→ **DATA RECORDS**:
*** Begin section ***

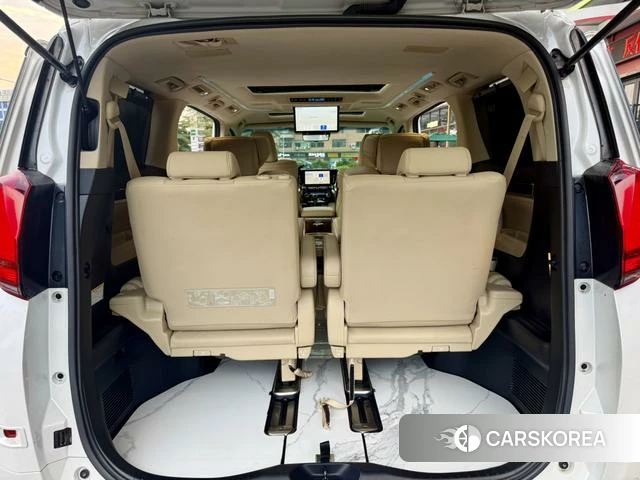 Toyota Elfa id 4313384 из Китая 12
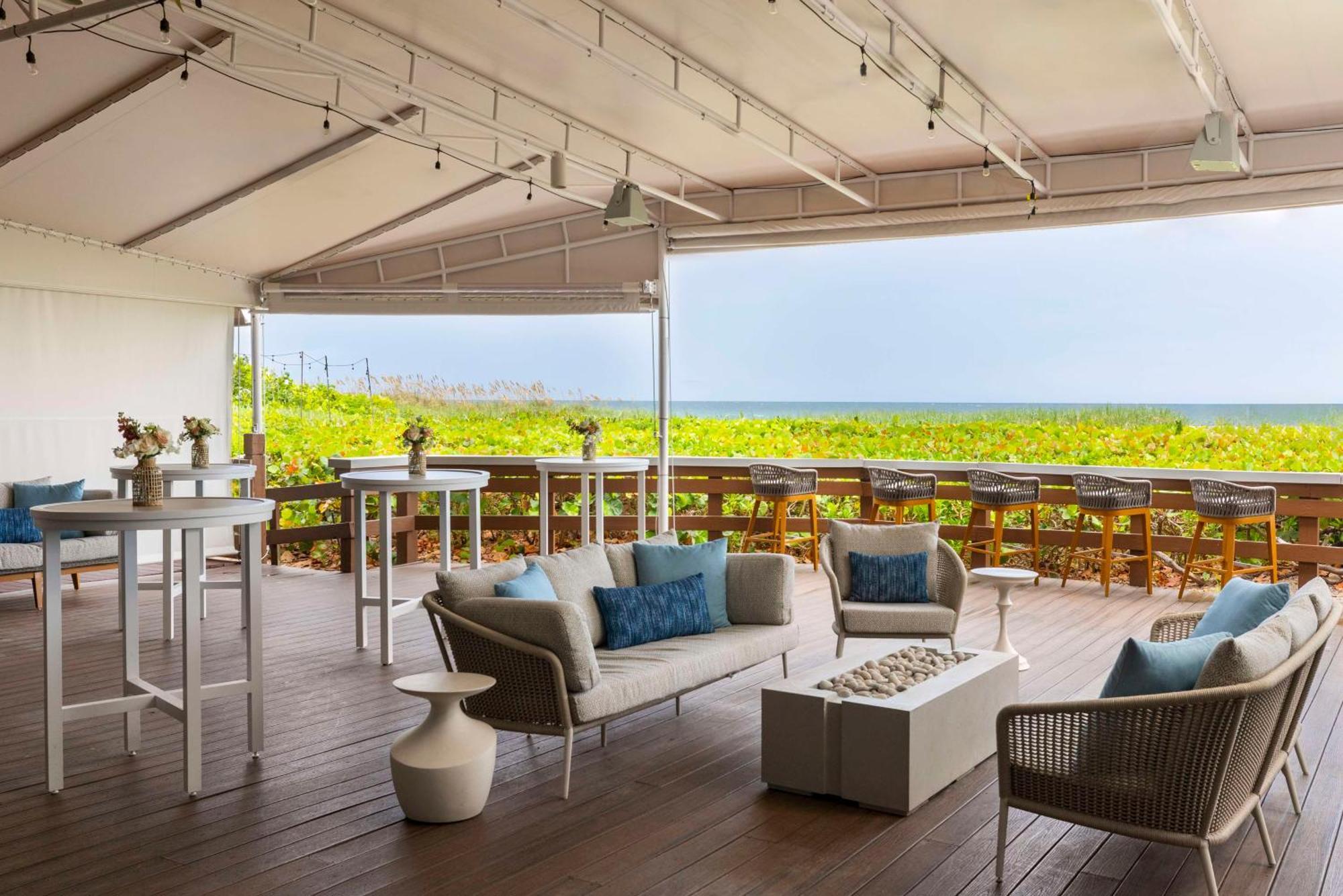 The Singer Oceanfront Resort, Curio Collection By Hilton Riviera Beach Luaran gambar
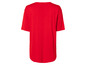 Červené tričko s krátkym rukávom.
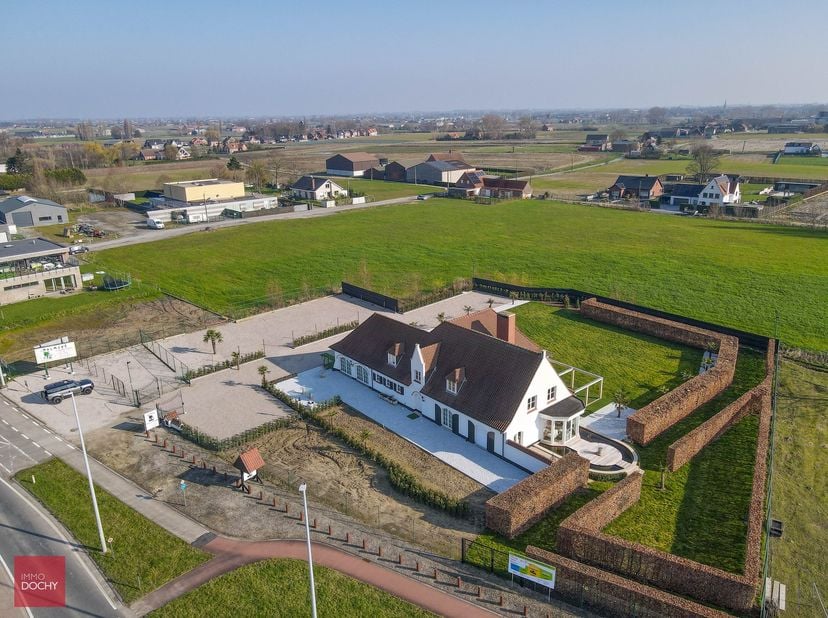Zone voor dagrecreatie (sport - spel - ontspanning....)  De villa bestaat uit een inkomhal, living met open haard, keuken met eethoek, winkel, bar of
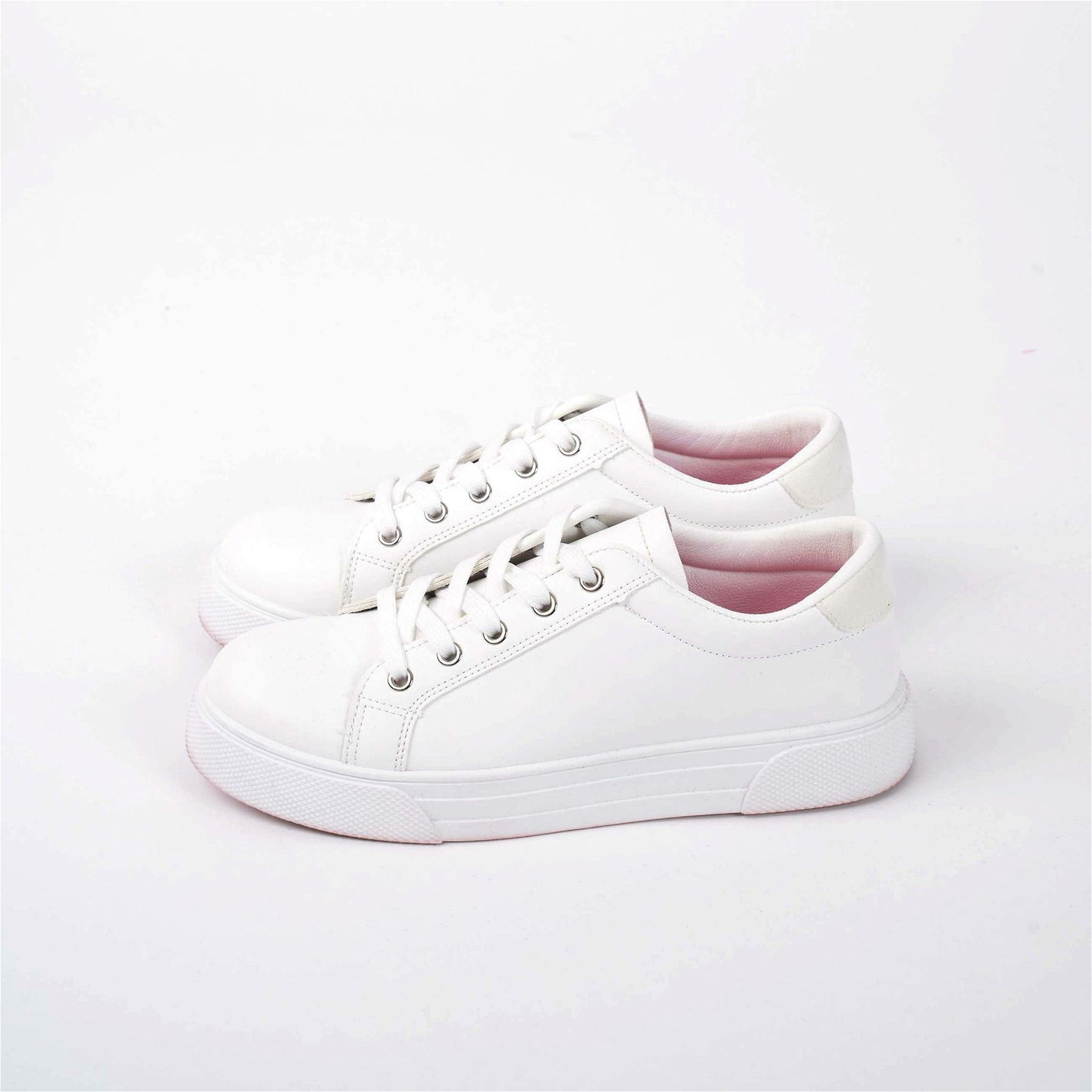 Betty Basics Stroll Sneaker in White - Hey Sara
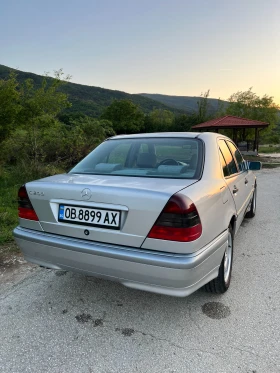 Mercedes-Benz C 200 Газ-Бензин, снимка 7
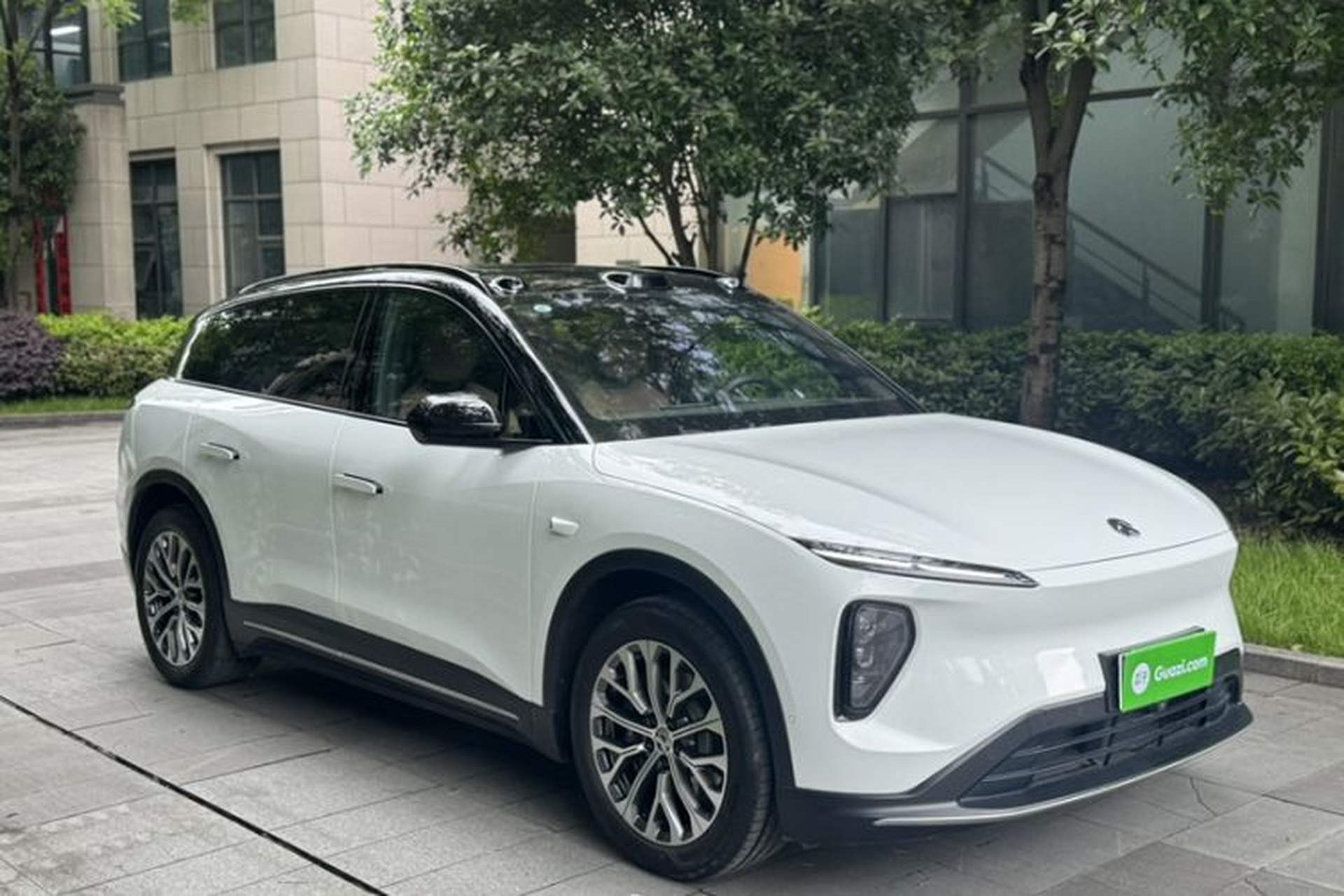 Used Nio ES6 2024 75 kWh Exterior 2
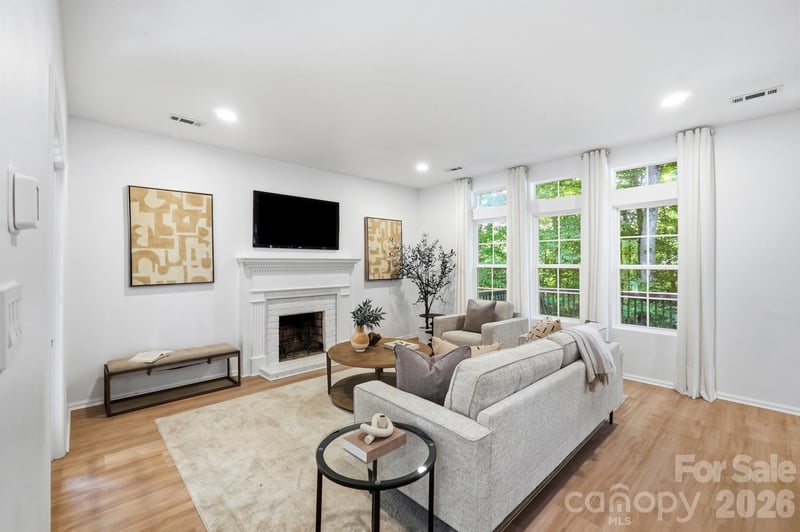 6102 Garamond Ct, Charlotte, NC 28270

*** End section ***

→ **INSTRUCTIONS TO FOLLOW**:
Once you have returned the line containing "Betty Basics Stroll", stop; begin at the first line of the material, keep each line exact, and skip the pictures.

→ **RESPONSE AREA**:
 Toyota Elfa id 4313384 из Китая 12
 The Singer Oceanfront Resort, Curio Collection By Hilton Riviera Beach Luaran gambar
 Červené tričko s krátkym rukávom.
Zone voor dagrecreatie (sport - spel - ontspanning....)  De villa bestaat uit een inkomhal, living met open haard, keuken met eethoek, winkel, bar of
 Betty Basics Stroll Sneaker in White - Hey Sara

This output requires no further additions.